È un’eleganza a dir poco impeccabile, decisamente Britannica, quella della prosa di Maugham. L’architettura del romanzo non è da meno, con una struttura simile a una partita tennistica, l’autore sposta la testa del lettore da una fase all’altra della vita della protagonista, Kitty. Non vi sono salti temporali, ma una continua linearità di racconto, un incessante mutamento di stampo formativo. E proprio per questo mi sento di elogiare l’arte narrativa di Maugham, che con questo testo si accosta decisamente alla pietre miliari della letteratura, in particolar modo a quella rivolta all’emancipazione femminile. Il velo dipinto traccia un tratto nitido del presente e tinteggia ogni alba del futuro con mano incerta. La giovane donna viene trascinata dalla superficialità alla comprensione dell’esistenza tramite imperiture lezioni di vita. La scoperta dell’amore, ma ancor prima quella dell’indifferenza verso il marito. La freddezza dei sentimenti. La vista ravvicinata della morte, delle malattie, ma soprattutto delle proprie scelte. La leggera impalpabilità del futuro. Maugham suona un sinfonia dolcissima, con tratti lampanti di bellezza cristallina “Per un momento pensò al futuro. Non sapeva quali progetti avesse Walter per allora. Egli non le diceva mai nulla. Era freddo, compito, taciturno e imperscrutabile. Due gocce d’acqua che scorrevano in quel fiume verso l’ignoto, ecco cosa erano, lei e Walter. Due gocce d’acqua che avevano ognuna la propria personalità per quanto l’osservatore non potesse distinguerle dalla massa dell’acqua”. Come un direttore d’orchestra, Maugham dirige.  Se ne riesce a percepire il distacco, la lucidità, la maniacale ricerca della verità umana, veicolata e superiormente controllata attraverso la propria forma d’arte. Un romanzo sullo spettro umano a tutto tondo che, con un maestoso finale ci lascia intendere quanto importante sia l’errore al fine di comprendere la nostra natura imperfetta, e gioirne infine di conseguenza, in maniera quasi religiosa.

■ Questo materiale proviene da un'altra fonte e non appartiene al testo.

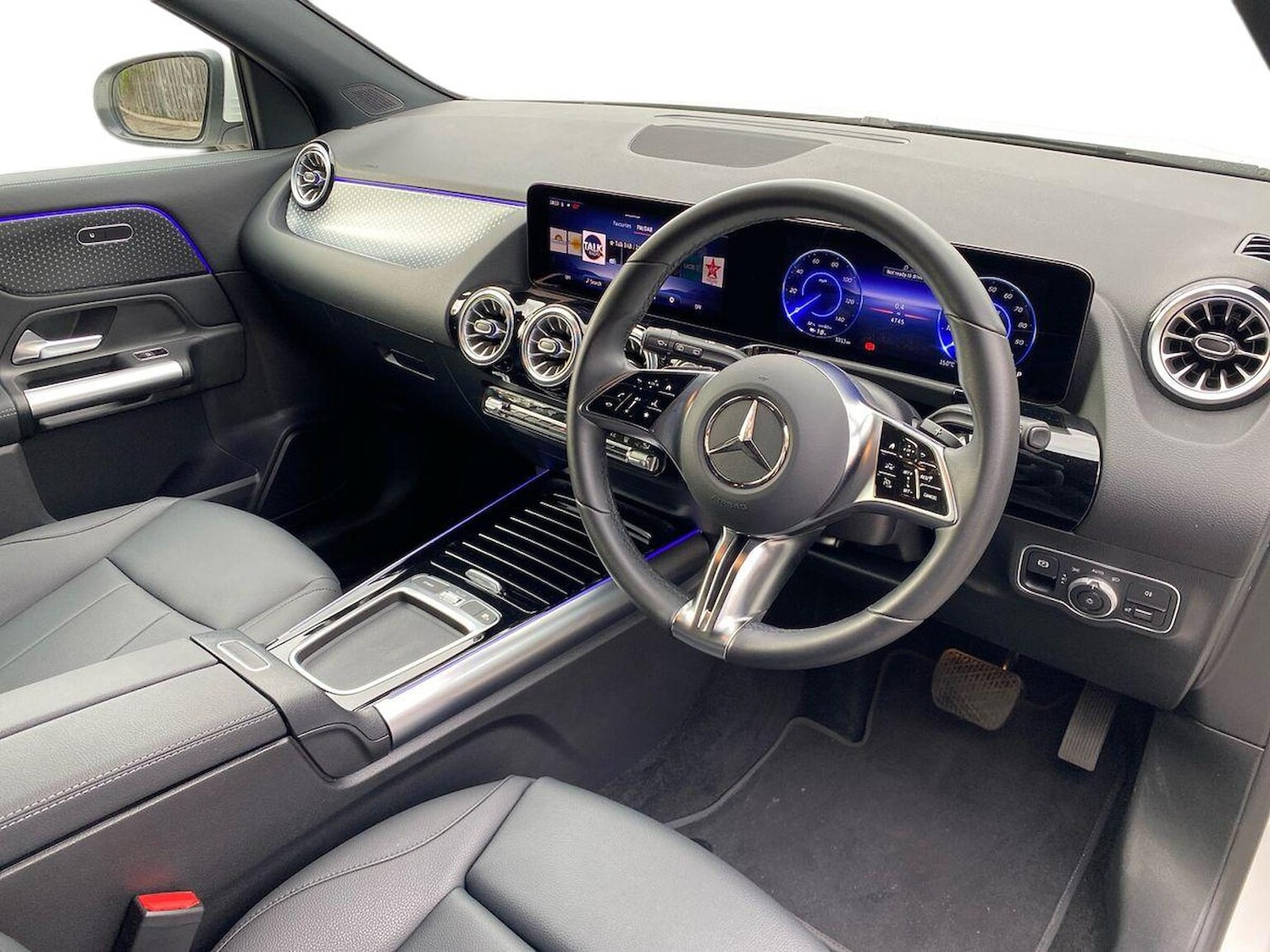 Used Mercedes-Benz EQA 2024 for sale - 76143018: Photo 15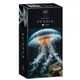 Пазлы Interdruk Красочная природа №10 "Медуза" 33х48 см 250 шт (385567) - изображение 1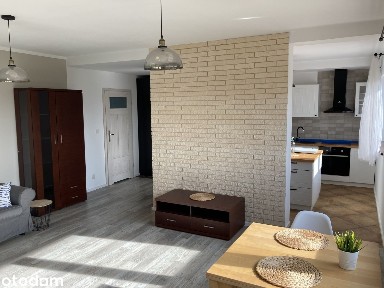MIESZKANIE Z PRYWATNYM OGRODEM | 60 m² | BIELANY, KRAKÓW| BEZCZYNSZOWE
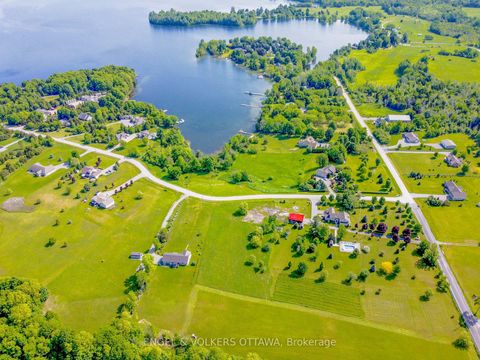 Photo 15 at 00 Horace Drive, Rideau Lakes (Bastard) Twp, Rideau Lakes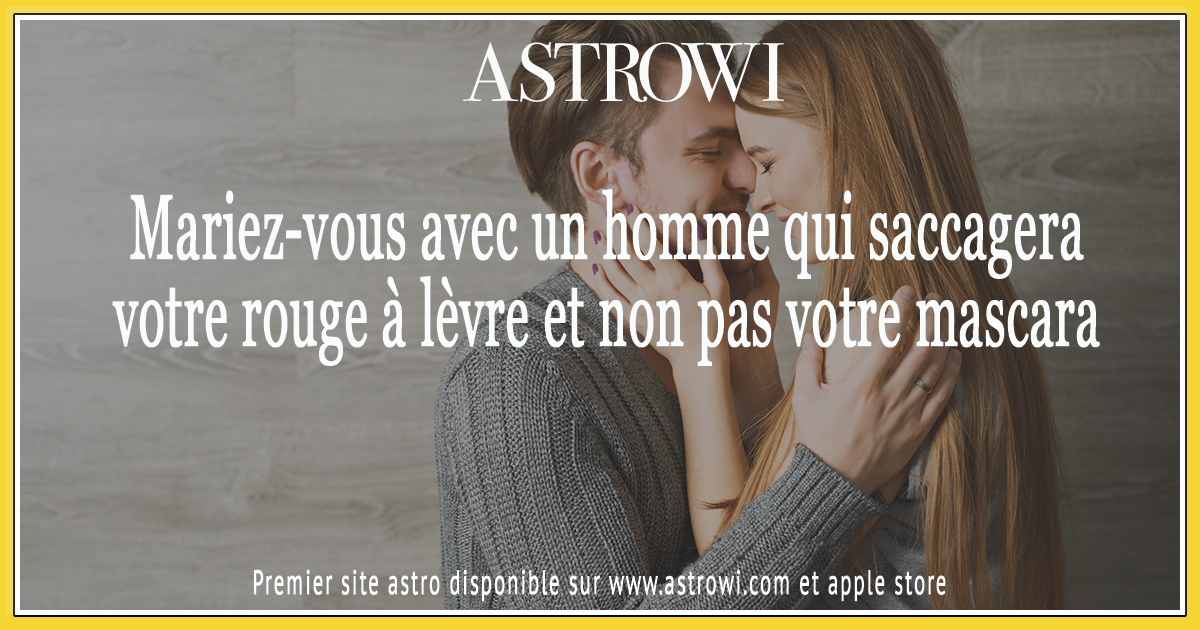 Citation du jour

“Voglio una bambina perché voglio educarla in modo che non abbia poi da commettere gli sbagli che ho commessi io. Tu non immagini come mi detesto quando penso quale ragazza sono stata. Ma non potevo essere diversa. Educherò mia figlia da persona libera che possa vivere senza dipendere da nessuno. Non voglio mettere al mondo una bambina e amarla e tirarla su solo perché un giorno un uomo vada a letto con lei provvedendola in ricompensa di vitto e alloggio. Sentì che suo padre s’irrigidiva. Egli non aveva parlato mai di cose simili ed era urtato di sentirle dalla bocca della figlia. – Lasciami esser franca per una volta, babbo. Io sono stata una stupida, malvagia e odiosa donna. Sono stata terribilmente punita. E sono decisa a salvare mia figlia da tutto quello che ho sofferto io. Voglio che sia una persona impavida e sincera, leale. Voglio che sia una creatura indipendente dagli altri perché padrona di se stessa, capace di affrontare la vita come può affrontarla un uomo libero e di trarne miglior partito che non abbia saputo trarne io. – Oh, mia cara, tu parli come se avessi cinquant’anni. Ma se l’hai ancora tutta davanti a te, la vita! Non devi avvilirti così! Kitty scosse il capo e, lentamente, sorrise. – Non sono affatto avvilita. Ho speranza e ho coraggio. Il passato è finito; lasciamo che i morti seppelliscano i morti. Quello che mi aspetta è incerto, ma io entro nell’avvenire col cuore leggero e fiducioso. Ci sono tante cose che voglio conoscere; voglio leggere e imparare. Di fronte a me vedo il gran ballo glorioso del mondo con la gente e le musiche, e vedo tutta la bellezza di questo stesso mondo, col mare e le palme, il sorgere e il tramontar del sole, la notte stellata. È confuso tutto questo dinanzi a me, ma distinguo vagamente un disegno, un profilo e indovino un’inesauribile ricchezza: il continuo mistero e la continua novità di ogni cosa, la compassione, la carità, la Via e il Viandante, e alla fine, forse, Dio.”